BookmarkSubscribeRSS Feed
Carlosmx
Calcite | Level 5

Hi All!

I'm new in SAS and I need your help. I need to look up for account id in a database, I have a spreed sheet that contains the account names. I've used an index function but I just can retrieves some of the account ids due to names are different (some of them include dots, comma, etc) and there isn't and exact match.

I was thinking in separete the account name into several fields (in excel) i.e. "Best Buy", will be divided into 2 columns "Best" and "Buy" and then column 1 will be a format, column 2 another one, etc. The excel file will contain these headers Rowid, Index1, Index2, Index3, etc (I want to use Rowid in order to match the excel with the results)

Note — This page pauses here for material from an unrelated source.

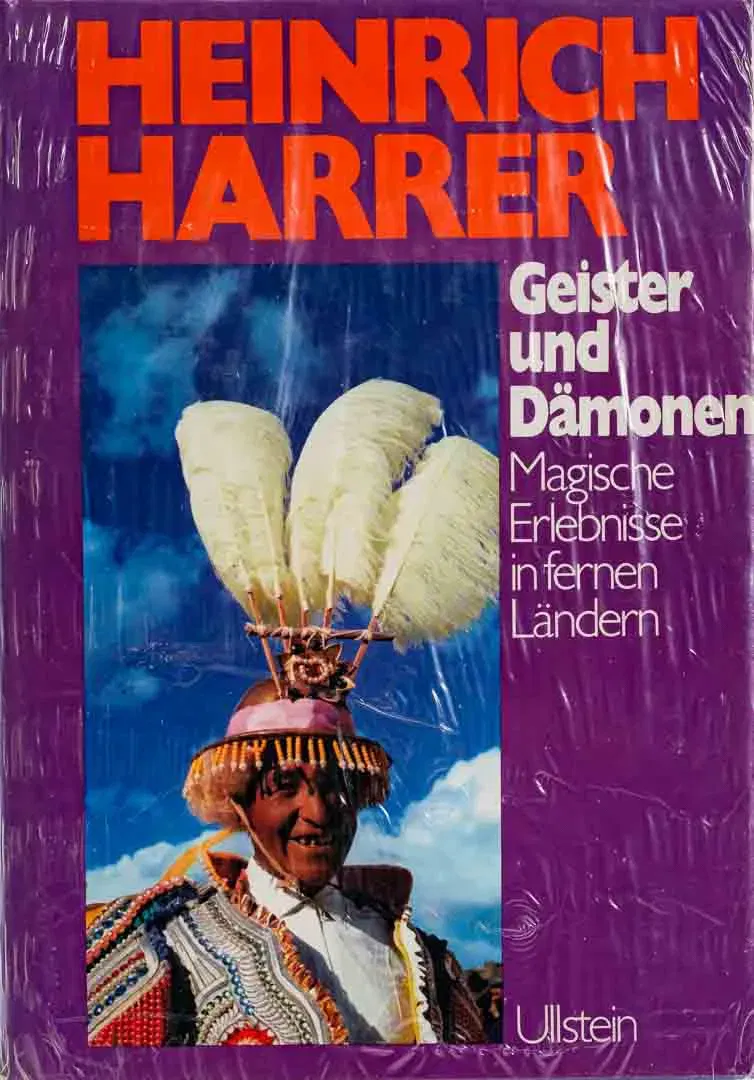 Buch Heinrich Harrer: „Geister und Dämonen – Magische Erlebnisse in fernen Ländern“ (Ullstein), Hardcover mit Schutzumschlag - Bild 2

I will import the excel file into SAS and make it a format

Code:

%makefmt(dslib=Work,dsin=Data,fmtname=$indexone,start=index1,lv=Y, other=N);

data AccountsUS (keep= account_name account_id region industry);

set Accounts;

where index(upcase(put(account_name,$indexone.))) >0 ;

run;

How can I add the row id in the table results, due to I cab match some strings, but I would like to know to which string belongs that match with the row id)

Any tip or hint?

Thanks

11 REPLIES 11
Carlosmx
Calcite | Level 5

I forgot to correct this line:

where index(upcase(put(account_name,$indexone.)))>0;

ballardw
Super User

Some examples of what you have and what you want for output would be helpful.

Carlosmx
Calcite | Level 5

Thank you ballardw:

I would like to have something like this:

Excel File

Row IDIndex1Index2Index3Index4
1DesjardinsGroupMouvementdes
2CanadaPostCorporation(Canada
3NovaScotiaLiquorCorporation
4GoodyearCanadaInc.
5ShellCanadaProducts
6HydroOneNetworksInc.
7BritishColumbiaMinistryof
8WhirlpoolCanadaLP

SAS Match: (accound_id is taken from the database, index1 and RowId are taken of excel file)

Accound_idIndex1Row ID
523223Desjardins1
1348864Nova3
1253532Hydro6
1258563Whirlpool8
ballardw
Super User

Have you examined both datasets to verify that the first word is unique per id?

You have British Columbia as part of one account name, what happens if you also have British Petroleum?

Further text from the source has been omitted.